▶ **Problem details**: From the first line to the last, retype everything below exactly, minus the pictures.

▶ **Stored data**:
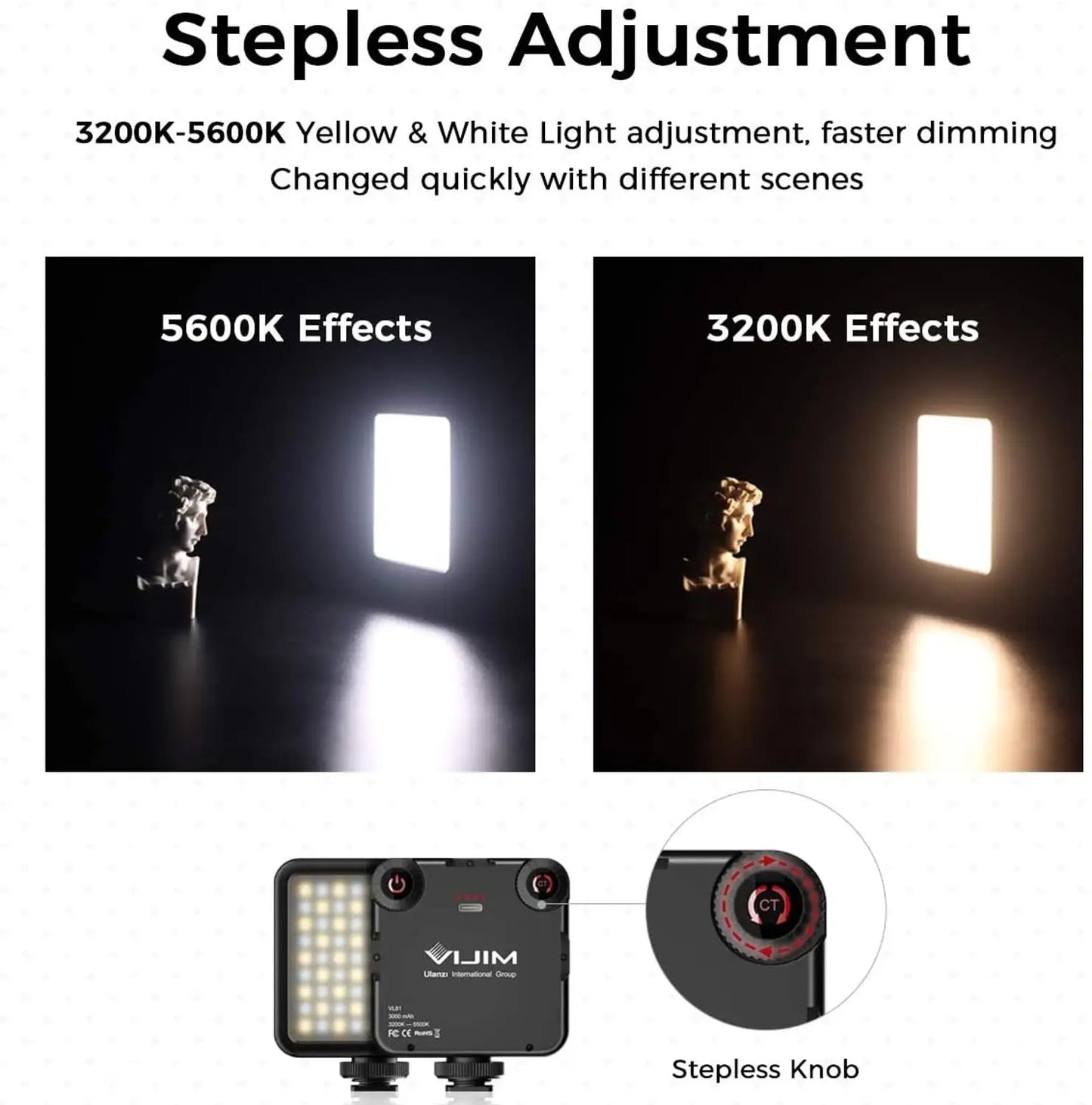 Mini LED Video Light On Camera Photo Studio Lighting Soft Diffuser Tiktok Youtube Livestream Vlog Light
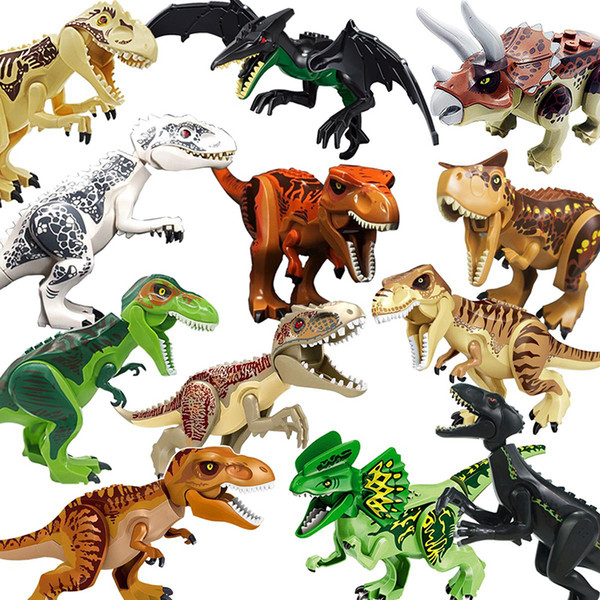 Jurassic Dinosaur Building Blocks Sets Dinosaurs Figure Building Blocks Toys for Kids Animal Blocks Toy Minifig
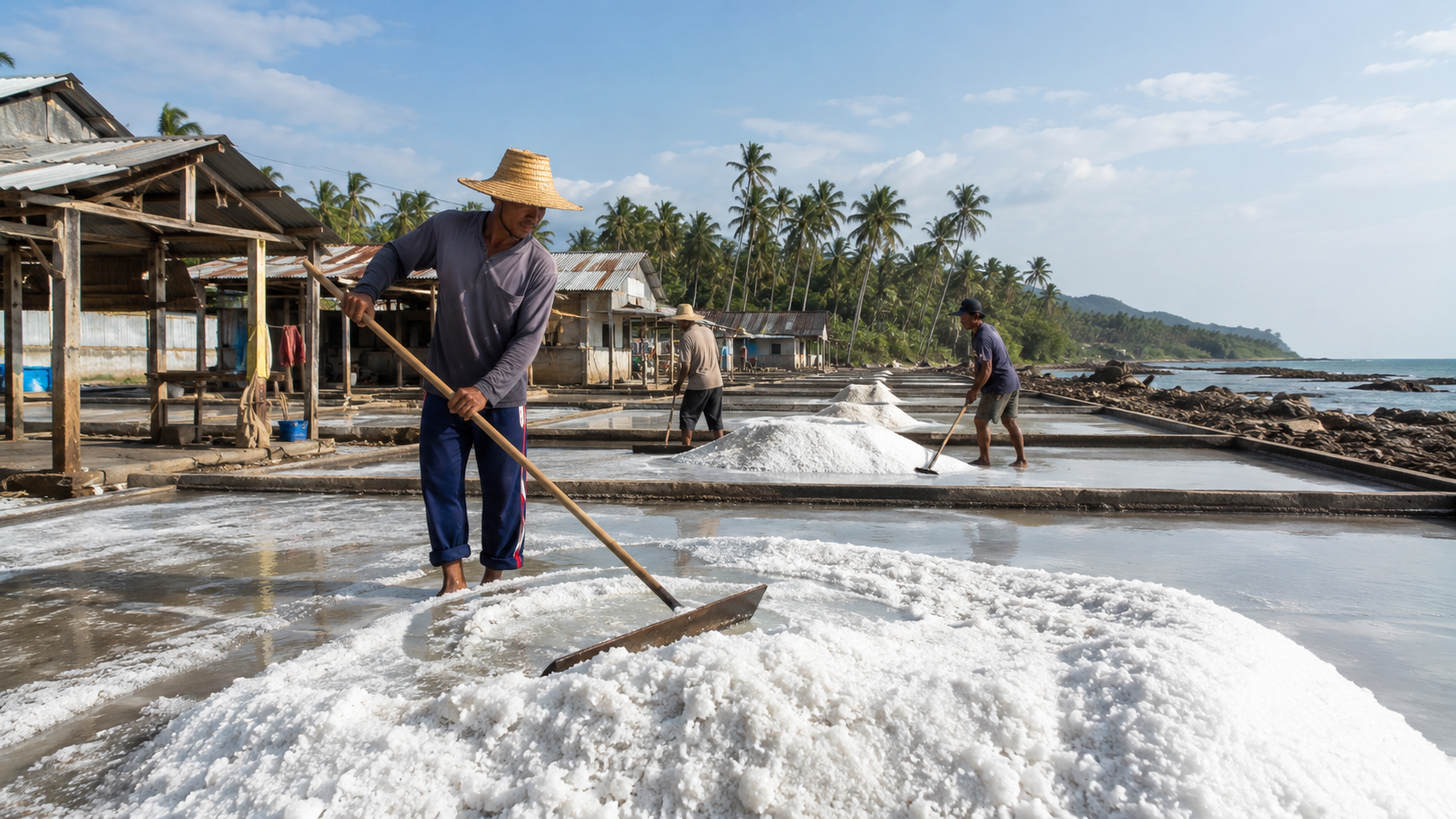 Produksi garam Pidie Aceh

▶ **Written response**:
 Mini LED Video Light On Camera Photo Studio Lighting Soft Diffuser Tiktok Youtube Livestream Vlog Light
 Jurassic Dinosaur Building Blocks Sets Dinosaurs Figure Building Blocks Toys for Kids Animal Blocks Toy Minifig
 Produksi garam Pidie Aceh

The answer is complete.